Another popular topic? The identical twin bears Cohen worked with while filming Borat. They recruited a Scottish bear trainer to coordinate scenes involving the bear. Cohen admitted he was nervous working with the Scottish professional. “They’re known for kelts and whiskey… not their bears,” joked Cohen. But as a low budget production, they had no choice and had to put their faith in the trainer and the bears. The bear became a leading player in the film. The filmmakers divulged that a scene after the “naked fight” had to be cut, which showed a naked Azmat sleeping in the car, while the camera panned to Borat spooning the bear.
“[The bear] was a star f**ker,” Cohen said, who also “tore at his crotch between takes.” Roach teased, “I think [the bear] is suing us.”
During the discussion, Cohen seemed to play bored, amused; he even lapsed into Borat a few times, leaving Maltin desperate for real answers. Cohen teased, “Are you saying I have no personality?” But the actor then acknowledged, “I’m a little weird,”
The moderator asked when he first became fascinated with America? “I heard about America at the age of 18,” he joked. “What language do they speak? Do they have hair and ears? They look like us.”

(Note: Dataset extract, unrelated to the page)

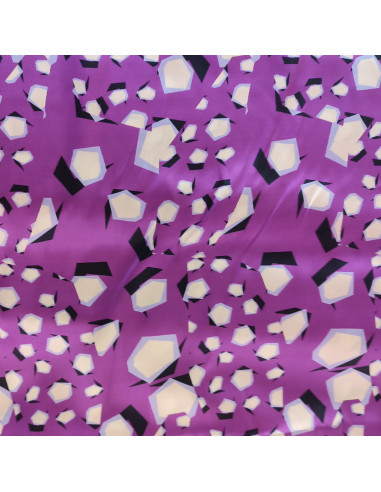 Tissu soie violet géométrique blanc made in Italie - tissus habillement soie italienne haute couture - vetement sur mesure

Cohen first visited the U.S. at the age of 13. He stayed for three weeks while writing a thesis on the Civil Rights movement and stayed in various ghettos. Further probed, Cohen joked, “I think that’s enough from the floor. This is revenge of the American people!” And as more questions were asked about how he got his start and what kind of acting training he had, Cohen merely replied, “How long is this?”
So, we ask again: Who is Sacha Baron Sacha Baron Cohen? For now, it still remains a mystery.